I know what you’re thinking.
Another article telling me my lifestyle is not conducive to optimum health, which explains to me how I need to have more kale in my diet, drink fewer mimosas and take up yoga, right? Wrong!
So, your diet consists almost exclusively of Cinnamon Toast Crunch and Hot Pockets. I mean, there’s a whole grain in there somewhere, right? It says so right on the box! So it must not be too bad for you.
You even ate a salad for lunch last Tuesday. So what if it was covered in bacon, drenched in dressing and topped with five cheeses? Not to mention you went to the gym twice last week, and ran over a mile total.
You’re practically the spitting image of overall health. Or, maybe you could make a few improvements.
The problem with today’s societal views on health is two-fold. One, we are in a constant state of chaotic living, in which we settle for reheated pizza from last Saturday’s 2 am post-drinking binge. And two, we revert to watching "Seinfeld" reruns on our couch, due to over-exhaustion and lack of motivation.

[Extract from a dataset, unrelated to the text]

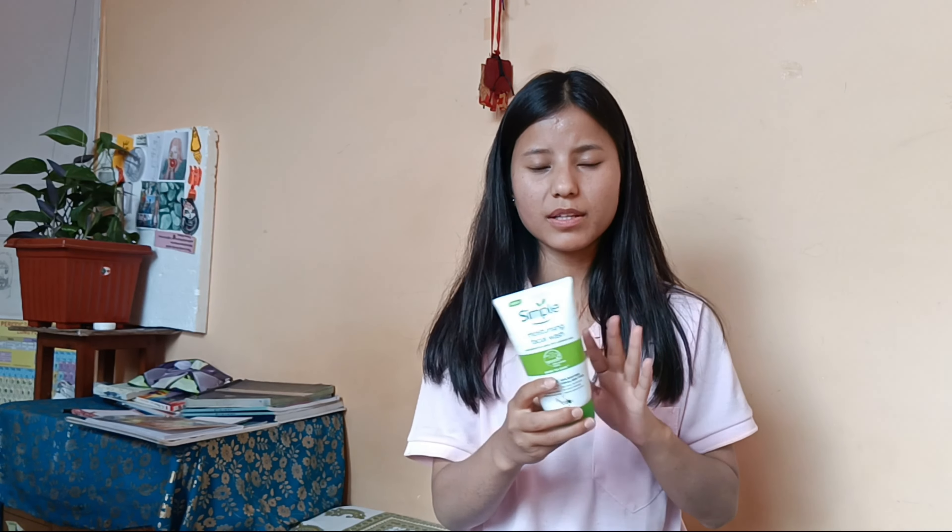I'm starting with dry skin type, because my skin type is dry. My skin routine has three simple steps that are very easy: face wash, then moisturizer, and sunscreen, which is the most important.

Sure, what we eat and put into our bodies is one element of overall health, but mental health is just as important (if not more important) than our physical health.

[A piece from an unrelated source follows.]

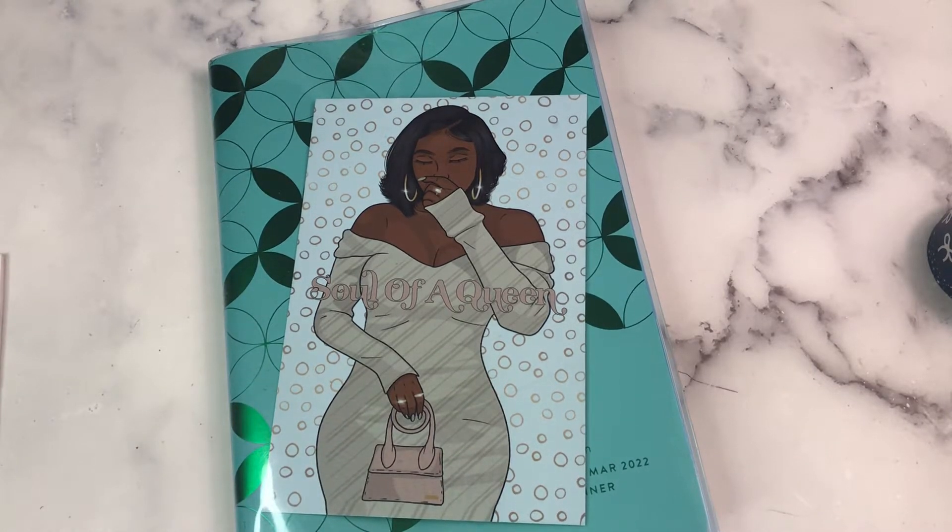Hey Planner Friends, it's Nia. Welcome to Life with Nia. Today we are planning the week in the Daily Petite Planner.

Truth be told, you don’t have to take shots of kale juice or eat quinoa cereal topped with flax seeds to be healthy. A few simple changes to the way you eat, and the way you live, will go a long way toward leading an overall healthier lifestyle:
1. Eat mostly unprocessed foods.
I’m not saying you have to go full-blown hippie and base your diet entirely on raw foods. And no, you don’t have to give up your morning Pop-Tarts.

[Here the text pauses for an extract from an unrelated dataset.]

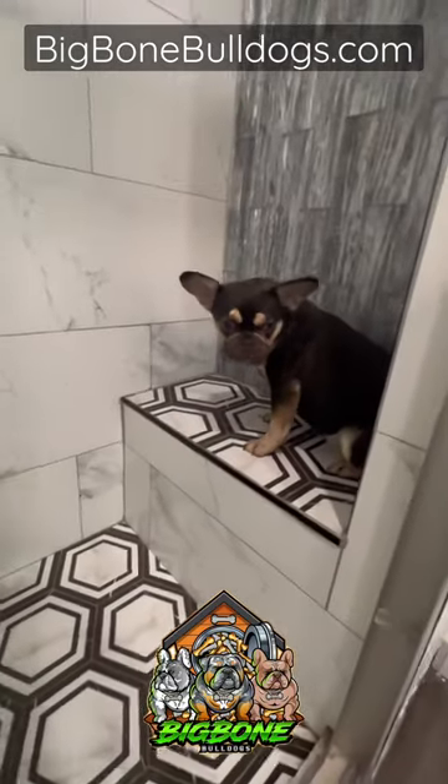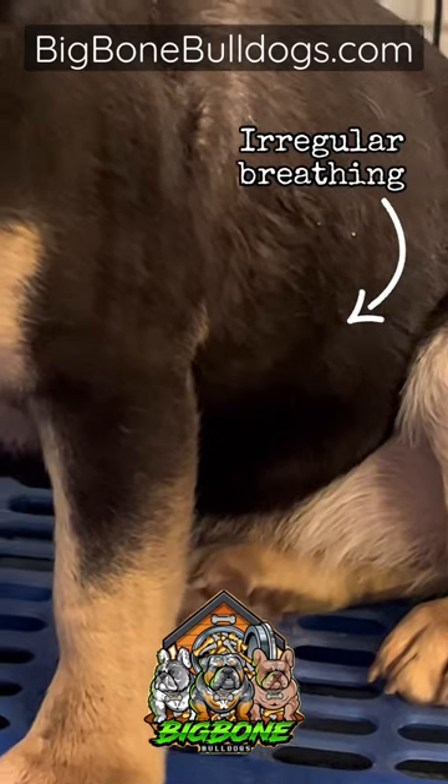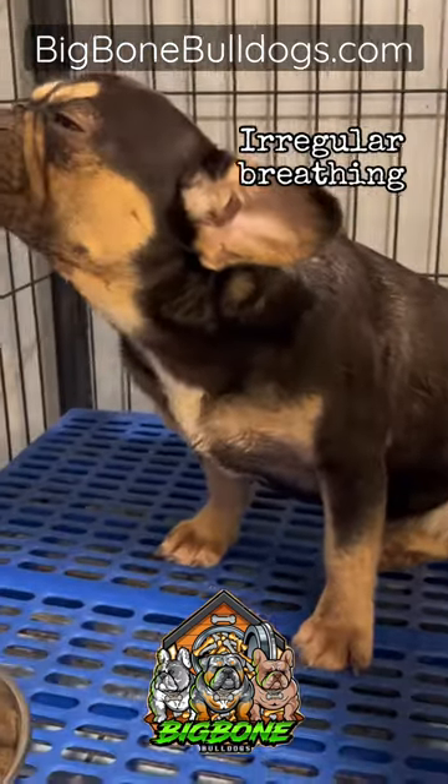Let me show you at-home treatments and early detection that will save you thousands of dollars and save your dog's life. You can see here the irregular breathing I picked up on.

The majority of your diet should consist of lean meats such as chicken breast or ground turkey, along with a variety of vegetables. Following the 80/20 rule and eating whole foods 80 percent of the time will go a long way.
You can still have your cake, and eat it too.
2. Walk when possible.
Olympic training, marathon-based running or even CrossFit isn’t necessary for optimal health. Just don’t be a lazy ass.
Now, park further away from your office at work, or walk to the grocery store instead of making that quarter-mile drive down the street. More activity breeds better flexibility, mobility and overall health.
Your body will thank you in 20 years.
3. Drink less often.
When the doctor asks you how much you drink, you understate this amount significantly. Oh, I drink socially with friends.
You know it's 10 shots of Fireball, followed up with two Red Bull vodkas, later downed by a handful of Sam Adams (light, of course).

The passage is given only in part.